Somewhere in the front of the plane a woman screamed for help in a weak and overwhelmed whimper.  It came again and again, plaintiff and desperate. The sound of it made us all hold our breath so we could be sure we were hearing it and not imagining it.  All over the plane people were ringing the stewardess buttons for help.  The captain had commanded the crew to strap in so none of them were moving.  The plane felt out of control.  Her cry for help kept coming, louder and more earnest.  I think the flight crew thought this was some passenger’s coping mechanism but it turned out that the woman really did need help -- her husband (an elderly Indian man) was having a panic attack and couldn’t breathe.  A steward leapt up from nowhere and reached over my head to open a cabinet to grab what looked to be a medical kit and a small oxygen tank.  Together, with a stewardess he rushed, stumbling, to the front of the plane even as the cabin pitched and creaked.  Despite my clench teethed, white-knuckled distress I couldn’t help but open my eyes and tilt my head out to see them run down the aisle, tossing and tumbling the whole way.   

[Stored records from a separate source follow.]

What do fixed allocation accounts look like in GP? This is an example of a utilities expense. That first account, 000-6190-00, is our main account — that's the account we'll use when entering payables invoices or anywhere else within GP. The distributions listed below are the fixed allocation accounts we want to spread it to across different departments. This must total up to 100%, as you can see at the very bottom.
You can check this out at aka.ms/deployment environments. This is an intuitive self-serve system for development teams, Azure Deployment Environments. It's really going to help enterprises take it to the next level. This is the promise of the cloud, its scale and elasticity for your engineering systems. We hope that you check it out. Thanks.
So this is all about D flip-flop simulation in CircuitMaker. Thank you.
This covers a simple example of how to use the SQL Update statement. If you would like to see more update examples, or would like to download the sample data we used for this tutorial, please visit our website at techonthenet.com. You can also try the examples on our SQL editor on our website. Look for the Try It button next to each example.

The babies wouldn’t stop screaming.  Well who could blame them?  I found myself thinking that if I cried, too, I might feel better.  Why should the babies be the only screamers?  I began wondering if it was better to just panic and accept what I was going through or strive to be more Zen, more accepting, more calm in the moments before death.  I wondered what Norman would do at a moment like this.  Somehow it didn’t help that I seemed to be the only one on the plane sitting in a two seat block all by myself without a neighbor to claw or clench or cling to.  I couldn’t figure if dying alone was better than having someone there who would watch my panic in the seconds before we went down.  The women seated across the aisle from me were no help, they looked as panicked and uncertain as I did.  One lady kept watching, nervously, the stewardess sitting behind us to see if her face might reveal the hopelessness of the situation.  I watched the watcher, afraid her face would convey information I dreaded but unable to look away.  I had no hand to hold and that made me feel sorry for myself. I closed my eyes again.  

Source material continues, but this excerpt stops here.